Should the listing contain images, exclude them; give the rest again exactly.

● **Recorded information**:
-.-.-

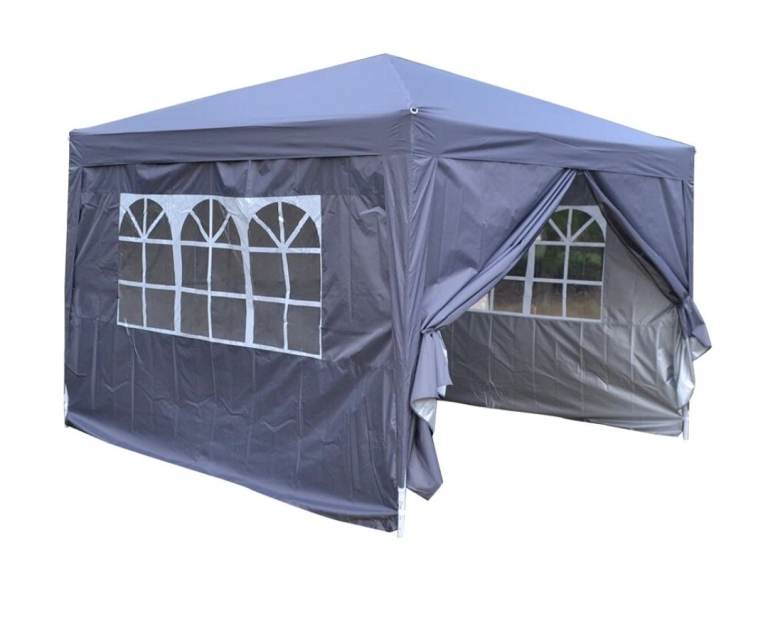 2.5Mx2.5m Pop Up Garden Gazebo Outdoor Party Tent Canopy With Sides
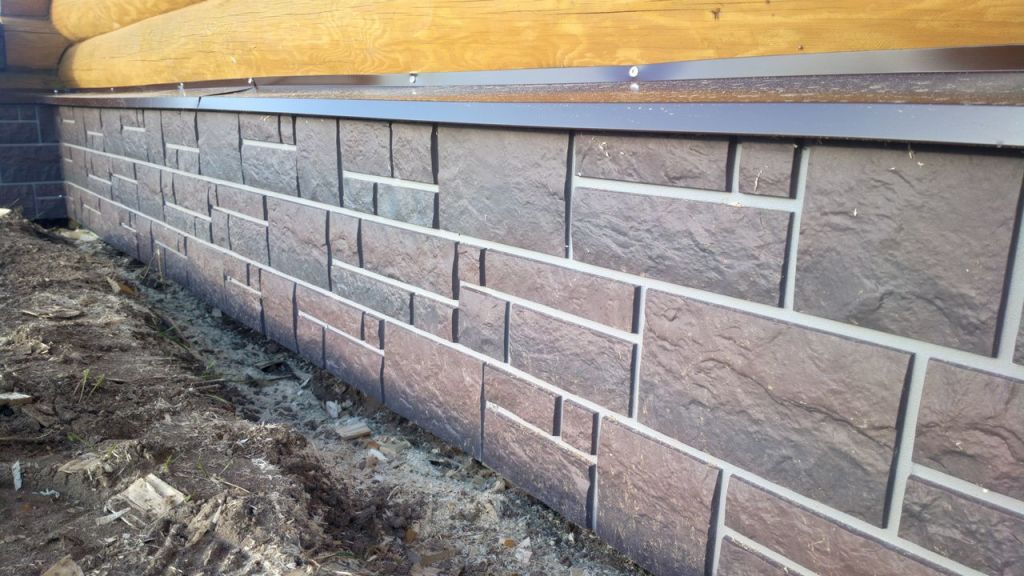 Монтаж сайдинга на цоколе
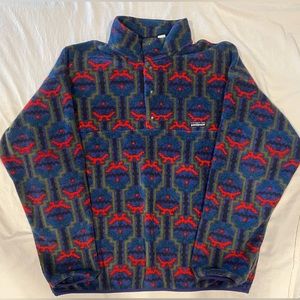 Rare Vintage 1994 Patagonia Aztec Snap-T Synchilla Men’s XL
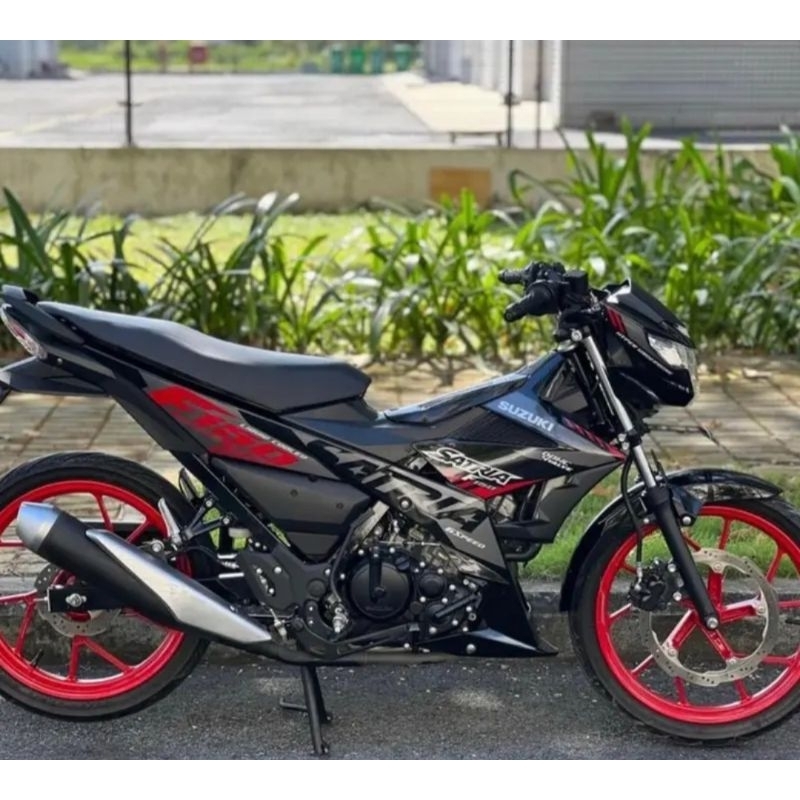 Satria fi 150cc removable stamp - Model F150. High Quality PPF Material ...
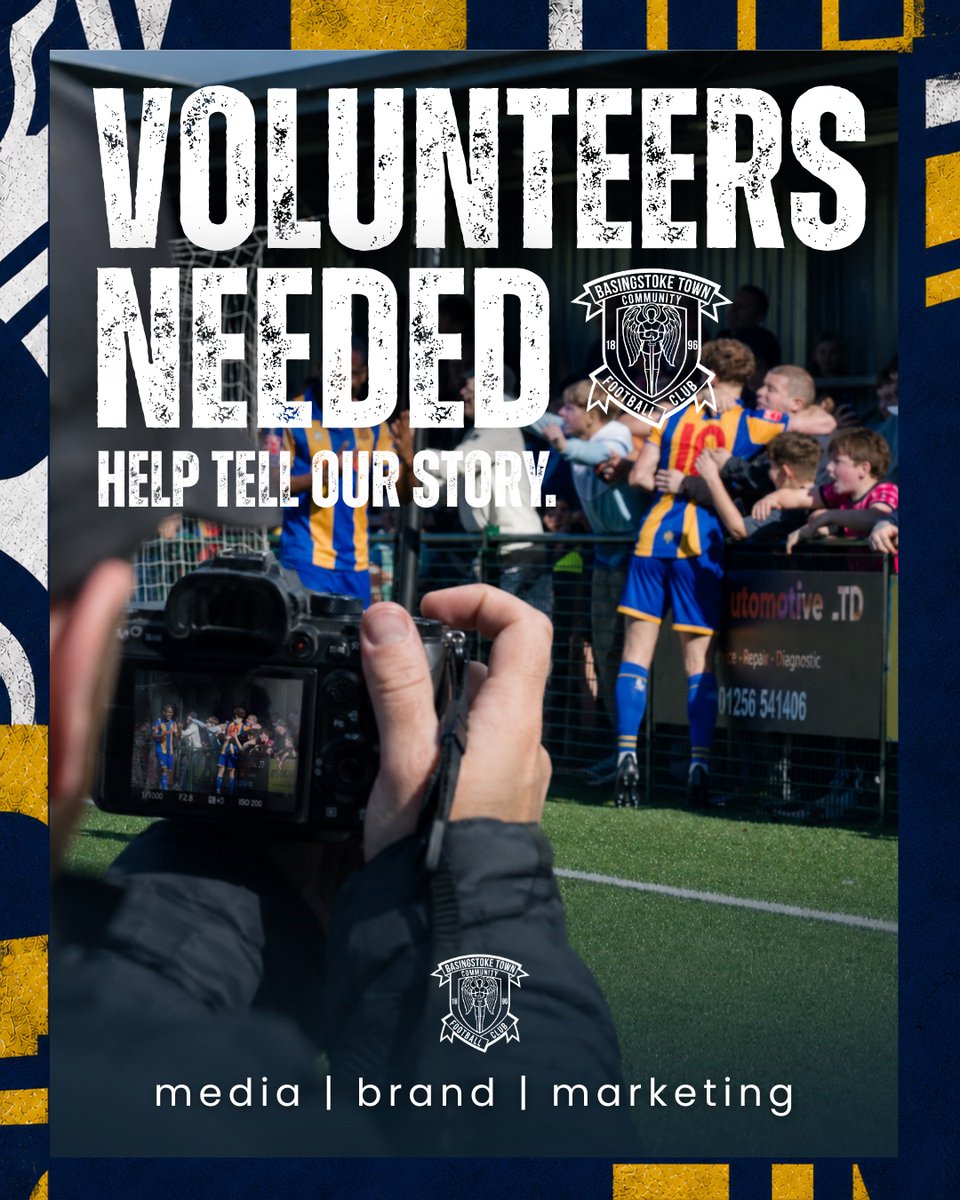 Basingstoke_FC's tweet photo. Over the next season, we want to tell the story of the whole club properly… Not just the 90 minutes.

If you’re a student, freelancer, creative, marketer, photographer, videographer, designer, organiser, business person, or just someone who loves the club and wants to help - we’d love to hear from you. Drop us a message or email media@btfc.co.uk and tell us what you’d like to get involved with.

This club is built by people. Come and help us build what comes next.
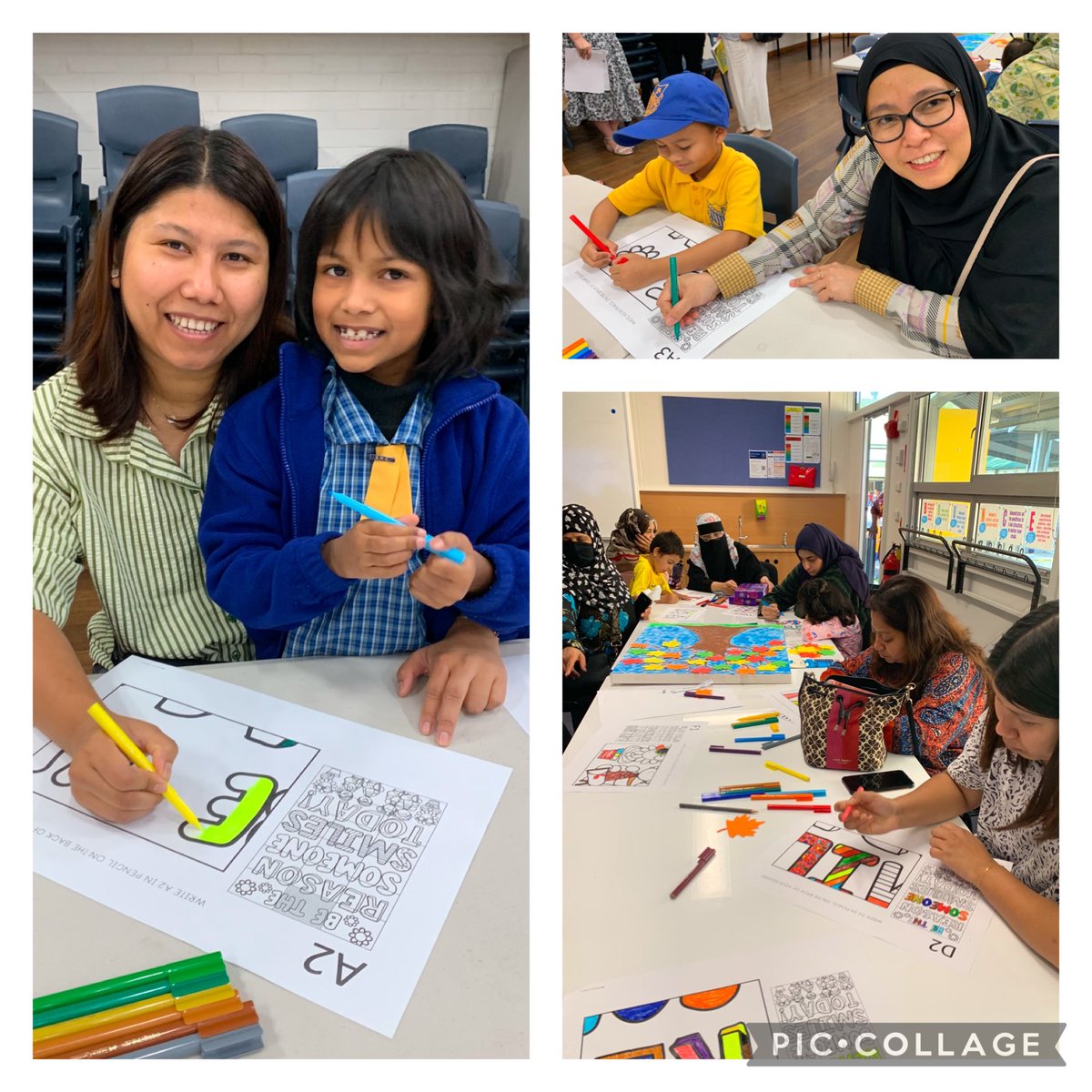 Parents during wonderful week 9 engaged in a collaborative art activity and contributed to our LPS gratitude tree.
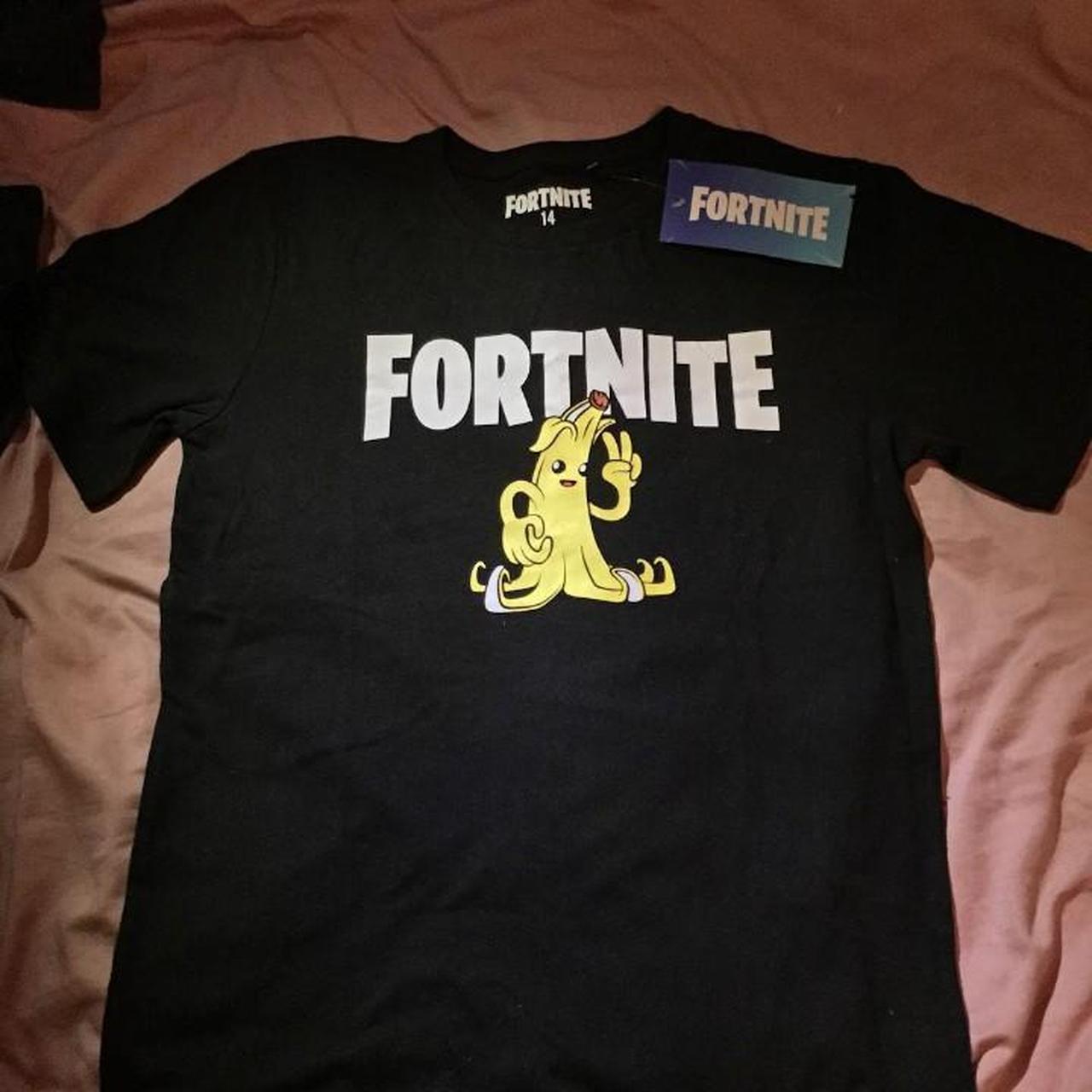 Black Peely Fortnite t shirt. Plain back, from... - Depop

-.-.-

● **The completed task**:
 2.5Mx2.5m Pop Up Garden Gazebo Outdoor Party Tent Canopy With Sides
 Монтаж сайдинга на цоколе
 Rare Vintage 1994 Patagonia Aztec Snap-T Synchilla Men’s XL
 Satria fi 150cc removable stamp - Model F150. High Quality PPF Material ...
 Basingstoke_FC's tweet photo. Over the next season, we want to tell the story of the whole club properly… Not just the 90 minutes.

If you’re a student, freelancer, creative, marketer, photographer, videographer, designer, organiser, business person, or just someone who loves the club and wants to help - we’d love to hear from you. Drop us a message or email media@btfc.co.uk and tell us what you’d like to get involved with.

This club is built by people. Come and help us build what comes next.
 Parents during wonderful week 9 engaged in a collaborative art activity and contributed to our LPS gratitude tree.
 Black Peely Fortnite t shirt. Plain back, from... - Depop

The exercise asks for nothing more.